Jason Kuznicki at Positive Liberty recently wrote a three-part essay on the problems with academic history, history writing, and the state of the academic job market.  The items he addresses are sobering for those of use just really getting started in our academic careers.

The first thing Jason addresses is the relationship between theory and primary sources.  His argument here is that while theory has an important role in providing a framework of historical writing, it should play a back seat to a real understanding of a historical era or event.  The way to accomplish this is for historians to become intimately familiar with the primary sources of their historical period.  He provides a fairly insightful description of how this would work, so I urge you to read it.

I find this approach attractive for many reasons, not least my own weak preparation in the area of theory.  It is one thing that my graduate program at SHSU did not do well, and which I brought up in the "exit interview" I did with Dr. Olson after my oral comprehensive exam.  I thought we needed to spend more time formally on theory and on historiography, rather than picking it up.  As Jason describes it in his article, lack of a theoretical framework can lead to "history by the seat of the pants".  That's a tidy way of describing the flailing about that can happen without a framewoprk, although he sees the danger of falling into a trap of lazy thinking and unquestioning acceptance of the conventional wisdom.  I think he's correct in this assessment - a theoretical framework gives you a place to start asking questions from.  You just don't to get mired down in the assumptions of that framework.

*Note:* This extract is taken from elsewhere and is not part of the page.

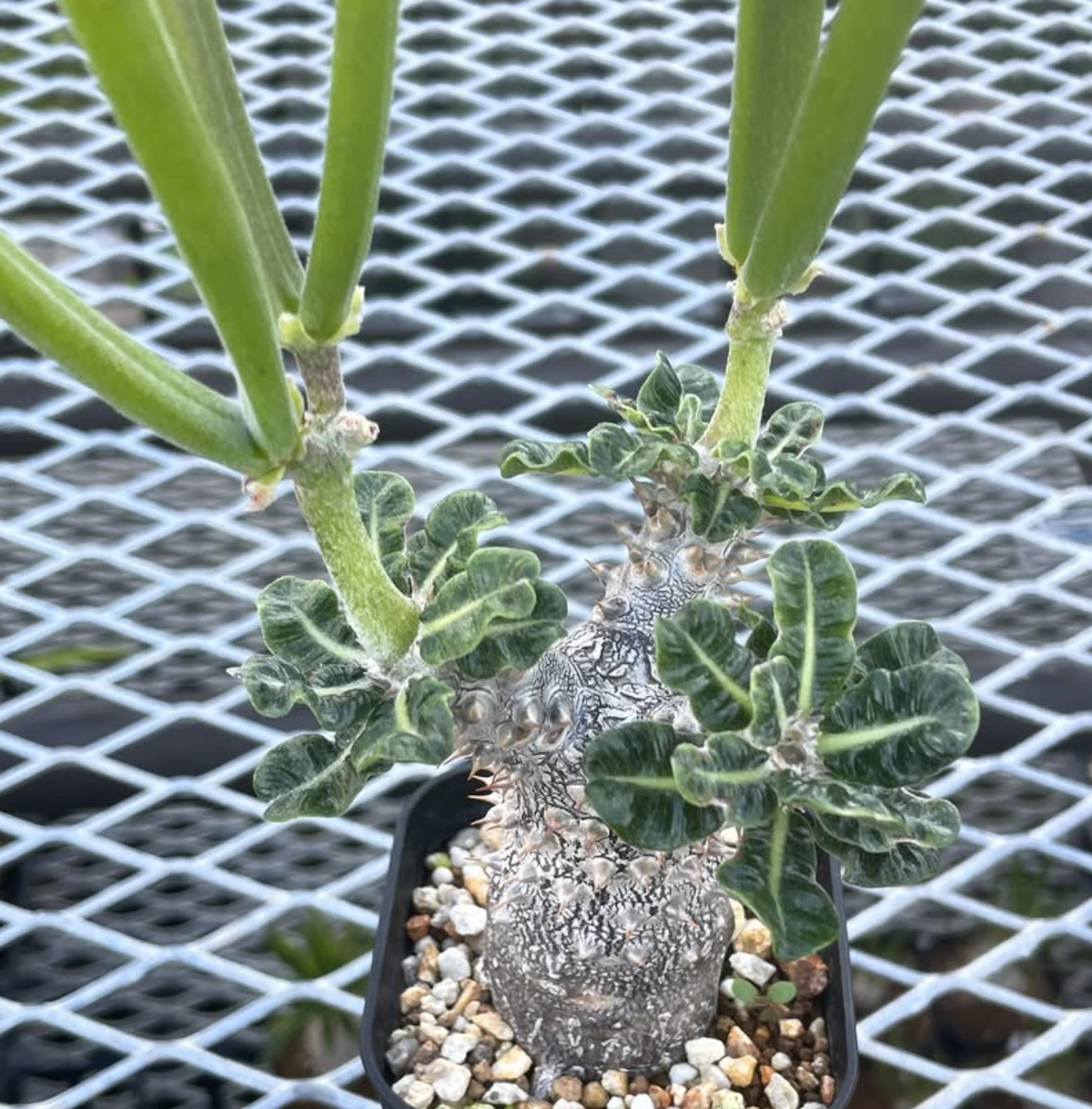 Pachypodium cv. 'Tackyi' seeds - Fresh succulent seeds (10 pcs)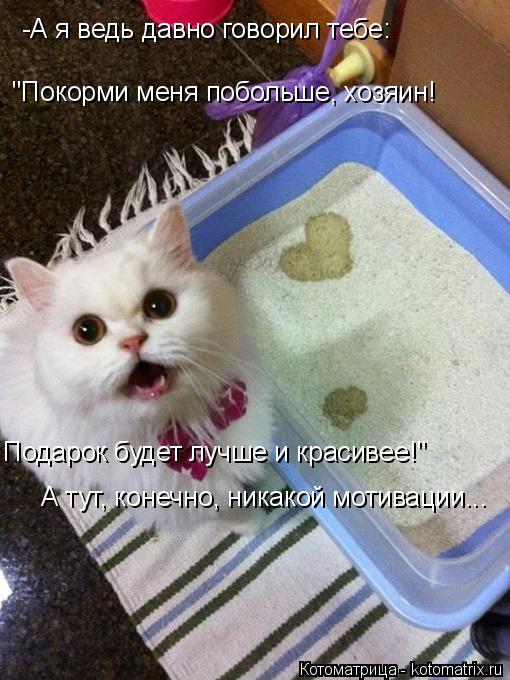 -А я ведь давно говорил тебе: "Покорми меня побольше, хозяин! Подарок будет лучше и красивее!" А тут,... Котоматрица: -А я ведь давно говорил тебе: "Покорми меня побольше, хозяин! Подарок будет лучше и красивее!" А тут, конечно, никакой мотивации...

In the second article of his series, Jason argues that historians should learn to address the multiple influences on decision-making, rather than looking for a single root-cause.  The reasoning here is obvious - while focusing on a single driving factor behind an argument or event makes things simpler for historians to research and present, none of us make significant decisions based on a single factor, and it is overly simplistic to expect that the people we study did so either.  In addition, evaluating the multiple factors that influence decisions leads to a richer (and more entertaining) understanding of history.  The challenge is writing well enough to ensure that this doesn't lead into a tangled mess.  This ties directly into Jason's argument in the first piece that historians need to sepnd much more time with the primary sources of their period.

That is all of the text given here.